### GIVEN INFORMATION

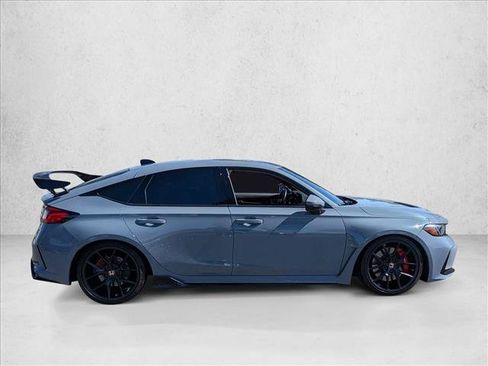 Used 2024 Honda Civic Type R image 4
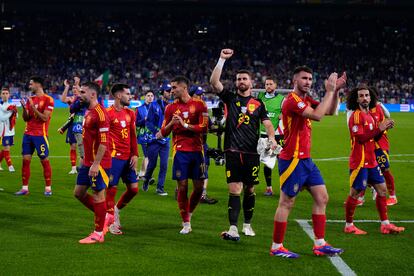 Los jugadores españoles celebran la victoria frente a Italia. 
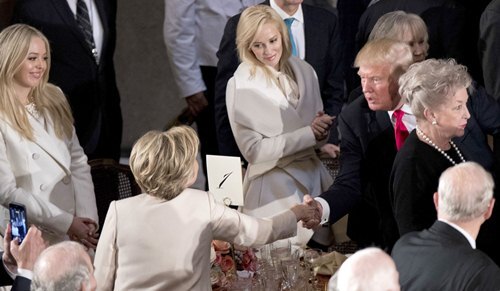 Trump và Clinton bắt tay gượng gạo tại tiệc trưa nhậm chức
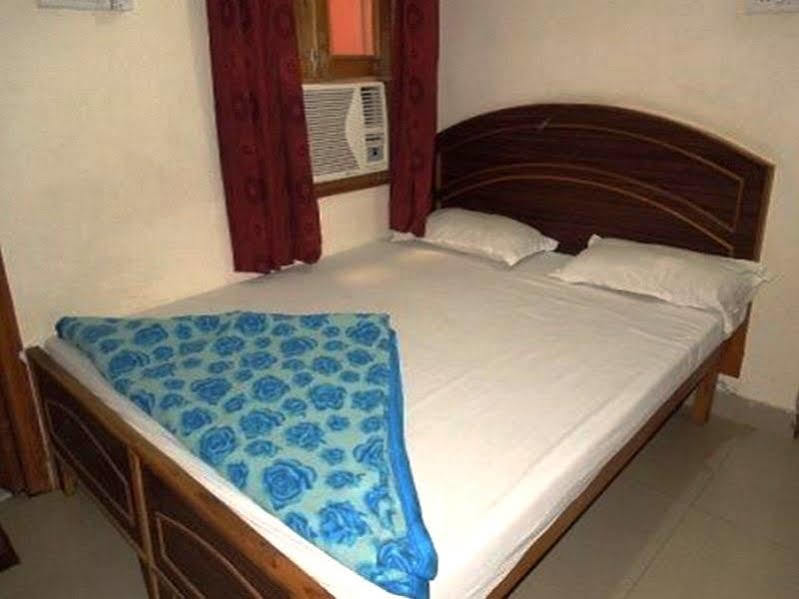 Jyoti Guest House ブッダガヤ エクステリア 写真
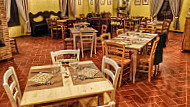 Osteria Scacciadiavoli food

######
### GIVEN INFORMATION

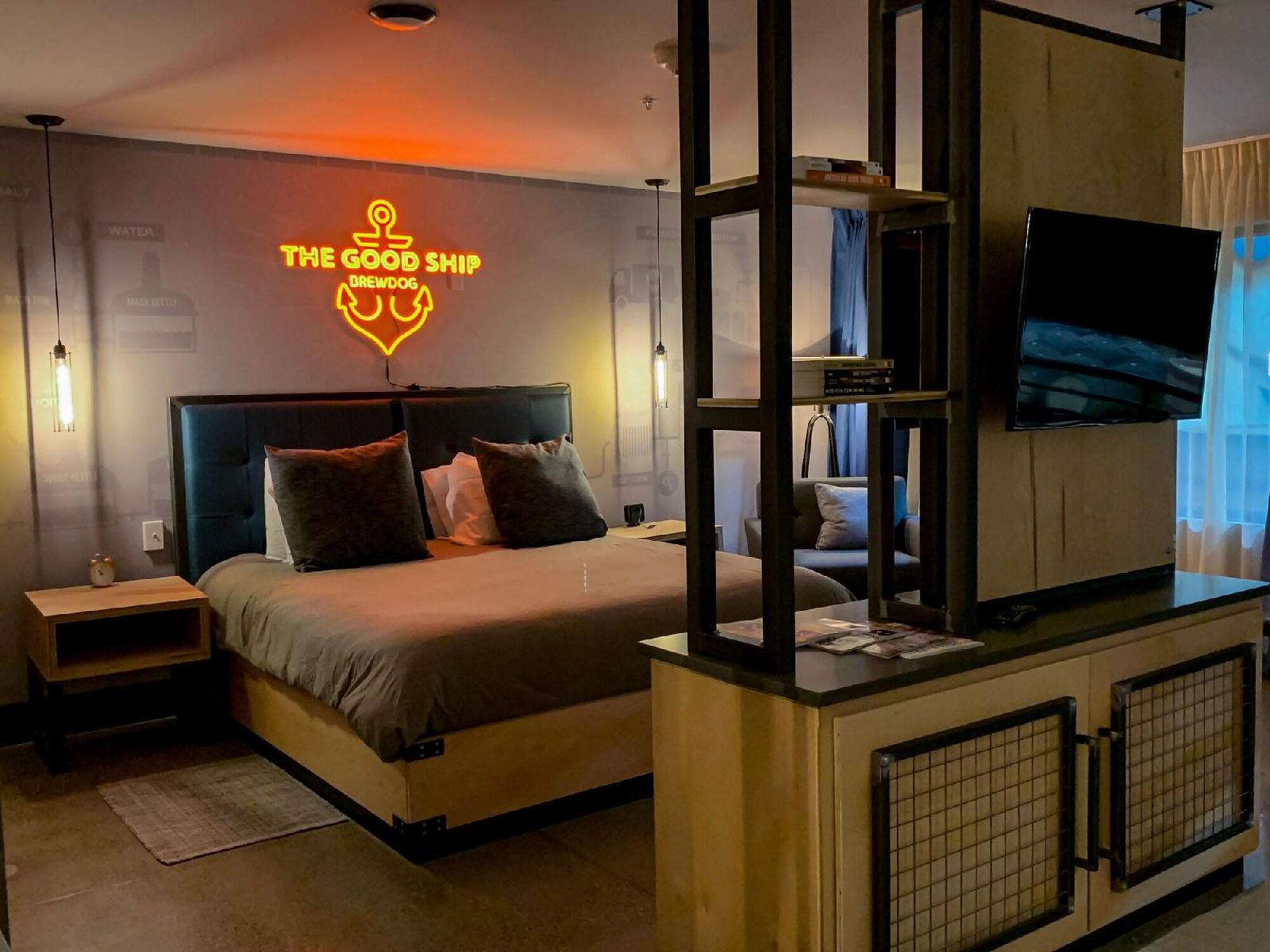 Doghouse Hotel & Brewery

######

Go back to the listing above and write out the lines starting at the one with "Los jugadores españoles" and ending at the one with "Osteria Scacciadiavoli food", inclusive, exactly and without pictures.

 Los jugadores españoles celebran la victoria frente a Italia. 
 Trump và Clinton bắt tay gượng gạo tại tiệc trưa nhậm chức
 Jyoti Guest House ブッダガヤ エクステリア 写真
 Osteria Scacciadiavoli food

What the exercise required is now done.